"On monetary policy measures, four of the seven members (Technical Advisory Committee on Monetary Policy) recommended maintenance of status quo in the policy repo rate," RBI said in a statement. (Agencies)
"In their view, though growth and inflation are projected to move down, we still have to guard against high inflation expectations that can destabilize the momentum of the economy," it said.
Moreover, it added, the external front is fragile and warrants that RBI should not do anything that can send wrong signals about our discounting the possibility of capital outflows.
On July 30, RBI chose to keep all key interest rates unchanged amid the depreciating rupee putting pressure on inflation and current account deficit.
Accordingly, the repo rate or the rate at which RBI lends to the system, has been retained at 7.25 per cent and the cash reserve ratio, the amount of deposits banks park with RBI, has been kept unchanged at 4 percent.
The statement further said that one external member was not in favour of any change to the policy rate till the operational architecture, through which monetary policy is steered, goes back to a symmetric corridor within the standing facilities that provides a small window within which overnight rates move.
However, two members recommended a reduction in the policy repo rate by 0.25 per cent to improve sentiment and show sensitivity to growth, it said. At the same time, one member recommended a repo rate increase by 25 basis points given the expectation of higher volatility in the exchange rate in the second half of 2013, it added.
To ameliorate the fund constraints of small scale enterprises, it said, one member suggested that the central bank open a bill discounting window for this sector. Another member recommended that the RBI should show its commitment to growth by reducing the procedural infirmities, specifically those that lead to delays in granting of loans, it said.
The meeting of TAC on monetary policy was held on July 24, in the run up to the first quarter review of the policy. The meeting, chaired by Subbarao, was attended by external members Y H Malegam, Indira Rajaraman, Arvind Virmani, Ashima Goyal and Chetan Ghate. Shankar Acharya and Errol D’Souza, who could not attend the meeting, submitted their written views.
RBI said members were of the view that the global economy remained subdued. Most Members felt that while quantitative easing (QE) in the US cannot continue forever, its withdrawal could well be slow, it said.
In the euro area, it said, the European Central Bank has stressed on its commitment to keep interest rates low for an extended period of time. Only Germany has marginally managed to avert recession.
On growth, it said, assessment of members was that domestic activity has slowed down and industrial production is weak.

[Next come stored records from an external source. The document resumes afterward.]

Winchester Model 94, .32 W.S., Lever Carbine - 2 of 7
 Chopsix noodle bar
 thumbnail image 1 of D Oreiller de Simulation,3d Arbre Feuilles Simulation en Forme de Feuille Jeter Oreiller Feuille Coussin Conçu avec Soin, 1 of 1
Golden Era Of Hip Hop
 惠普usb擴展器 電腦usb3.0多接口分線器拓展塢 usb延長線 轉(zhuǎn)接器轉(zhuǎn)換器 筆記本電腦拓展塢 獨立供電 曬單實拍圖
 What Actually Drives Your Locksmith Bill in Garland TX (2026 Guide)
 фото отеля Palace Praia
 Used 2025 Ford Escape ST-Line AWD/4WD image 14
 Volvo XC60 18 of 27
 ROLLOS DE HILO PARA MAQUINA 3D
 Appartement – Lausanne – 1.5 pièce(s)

The confidence level of investors has worsened and most investment plans have been kept on hold, RBI said, adding that even though firms are cash rich and liquidity is adequate, they are not taking any investment decisions.
Regarding inflation, members were of the view that though the monsoon has been good, inflation facing consumers is still high, it said.
Food prices are still elevated and the food security bill will aggravate food price inflation as it will tilt supply towards cereals and away from other farm produce (proteins), which will raise food prices further, it said.
Fuel under-recoveries are also a consideration, it said, adding, on the other hand, that rupee depreciation has not had much impact on inflation, reflecting weak pricing power of firms.
With global commodity prices low and the output gap negative, it said, members expected inflation to be lower than what it was over the past year.
On risks to inflation, members noted that expectations have not declined significantly and the fear of resurgence of inflation was still high, it added.
On the fiscal front, it said: "Members hoped that the fiscal deficit is reduced in a manner that is not growth punishing, i.e. that capital expenditure should not be cut down. According to them, the real cure was in reducing the revenue deficit and undertaking serious economic reforms."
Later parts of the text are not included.